The medication may not make you feel any different, but that does not mean that it’s not effective.
Antihypertensive medications can include:
- beta-blockers
- angiotensin-converting enzyme (ace) inhibitors
- angiotensin receptor blockers
- thiazide diuretics
- calcium channel blockers
- direct renin inhibitors
Other treatment may be needed if high blood pressure has caused additional symptoms or damage due to complications.
Also, lifestyle changes may help your blood pressure stay in a healthy range and avoid complications. These can include:
- limiting your salt intake to less than 0.2 ounces a day
- eating a balanced diet with enough fresh fruit and vegetables
- limiting alcohol and caffeine intake
- exercising regularly
- maintaining a moderate weight
- avoiding or quitting smoking if you smoke
Without treatment, secondary hypertension can lead to other damaging health complications, including:
- heart disease and heart failure
- stroke
- peripheral artery disease
- vision impairment or damage
- metabolic syndrome
- kidney failure
You can protect yourself against the risk of complications by taking your medication and following your treatment plan as prescribed. It’s also important to have your blood pressure regularly tested to monitor increases.

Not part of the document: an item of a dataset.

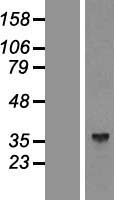Aldolase C (ALDOC) Human Over-expression Lysates NM_005165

Read more about the complications of hypertension.
With effective treatment, the outlook for secondary hypertension is positive. Treatment of the underlying cause can help to decrease blood pressure or even return it within a standard range.
Is secondary hypertension curable?
In some cases, treatment may address the cause of secondary hypertension and return blood pressure to a standard range. This may mean that for some people, secondary hypertension is curable.
If your blood pressure has remained stable within a healthy range for some years, your doctor may recommend reducing your treatment or stopping it altogether. However, some people may need to continue to take medication or follow other lifestyle approaches for their whole life.
Secondary hypertension occurs due to a known disease or condition that elevates blood pressure. By contrast, primary hypertension is when the cause is unknown. Secondary hypertension often causes no distinctive symptoms and is detectable by measuring blood pressure.
Once doctors identify the underlying cause, treatment may lead to lower blood pressure. Without effective treatment, secondary hypertension can lead to further health complications. Contact your doctor if you have concerns about secondary hypertension or believe your current treatment is not working.